On Friday 2 November, we will have the following mini-workshops:
To a lot of us, "machine learning" and "AI" are buzzwords. It's modern, it's popular, but for many of us it feels unapproachable. The learning curve (pun intended) seems too steep. But it's not. This hands on mini-workshop will show you how to actually use some machine learning techniques and will provide explanations for how they work. We'll be working with tools built into the Anaconda Python stack, so it's highly recommended to first attend the Python mini-workshop if you're not already familiar with the Python science stack. At the end of this mini-workshop you will hopefully be brimming with ideas for how you might apply the techniques to your favorite sets of data.
This mini-workshop is aimed at understanding the absolute solar spectral EUV irradiance and the comparisons of different techniques for measuring it, including broadband, spectrally resolved, and imaging instruments.

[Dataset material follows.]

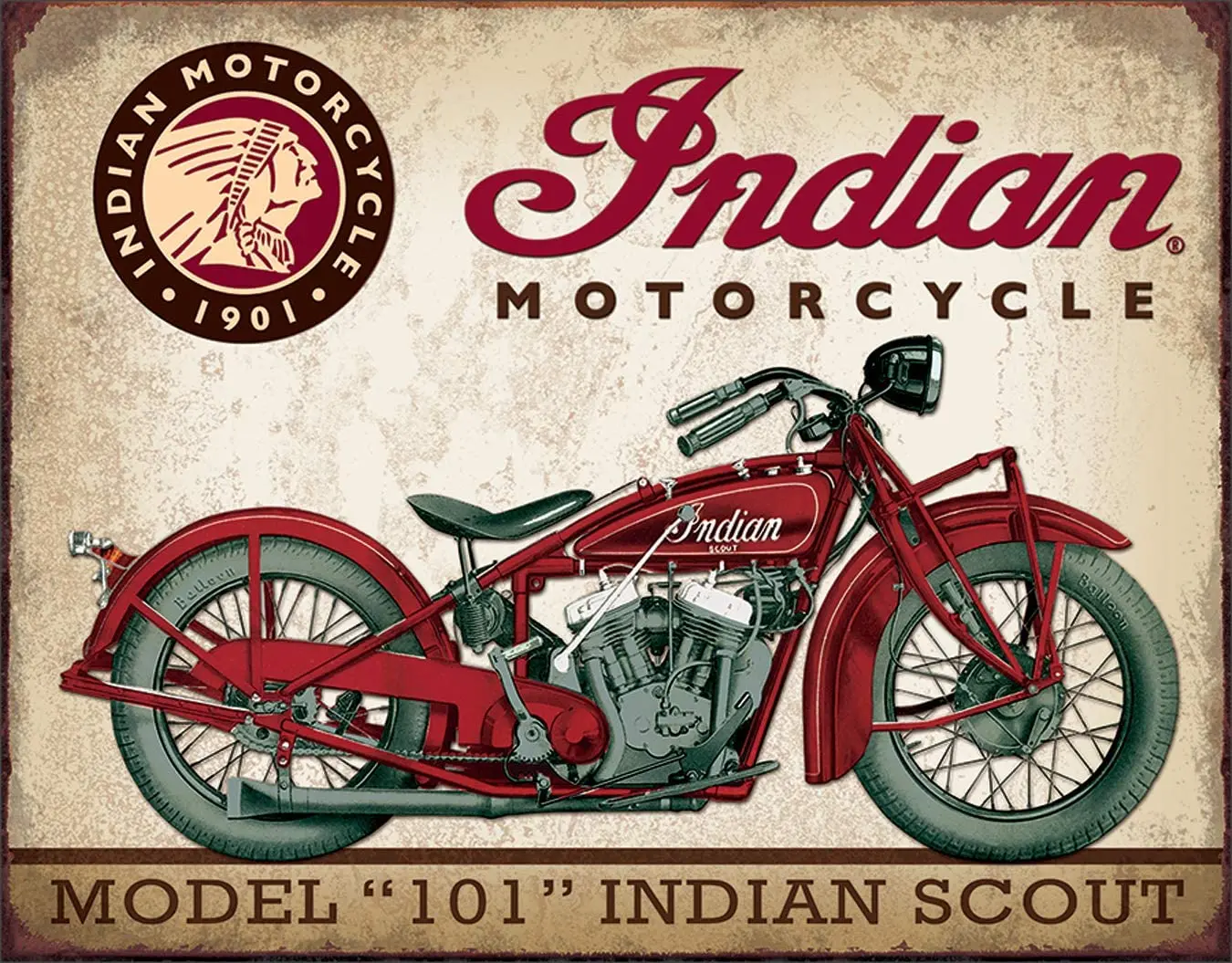 Indian Scout Motorcycle Tin Sign - 1928 Indian Scout Motorcycle and Sidecar Tin Signs - Vintage Metal Tin Sign Retro Poster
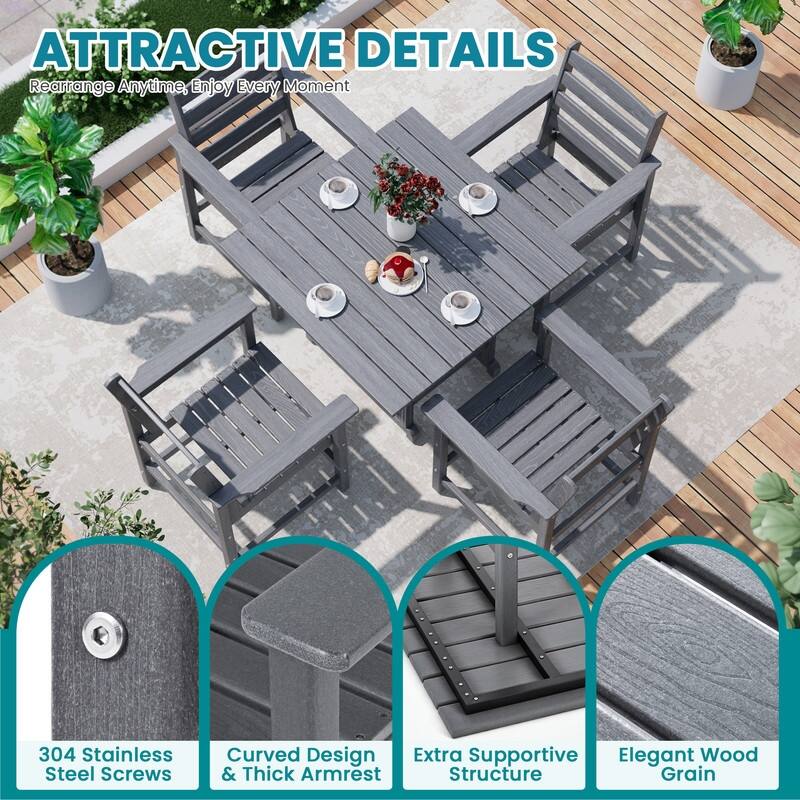 Gray 5/7-Piece HDPE Wood Grain Patio Outdoor Dining Set with Armrest & Umbrella Hole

This is a forum to discuss methods and results of the calibration of EUV instruments, how to correct for instrument degradation, and the inter-comparison of EUV irradiance data from instruments with different temporal and spectral resolution, including, but not limited to, comparisons within SDO (EVE MEGS, EVE ESP, and AIA), and of SDO with other missions (for example: GOES-R/SUVI, PROBA2/LYRA, TIMED/SEE, MAVEN/EUVM, SOHO/SEM, SOLACES, etc.).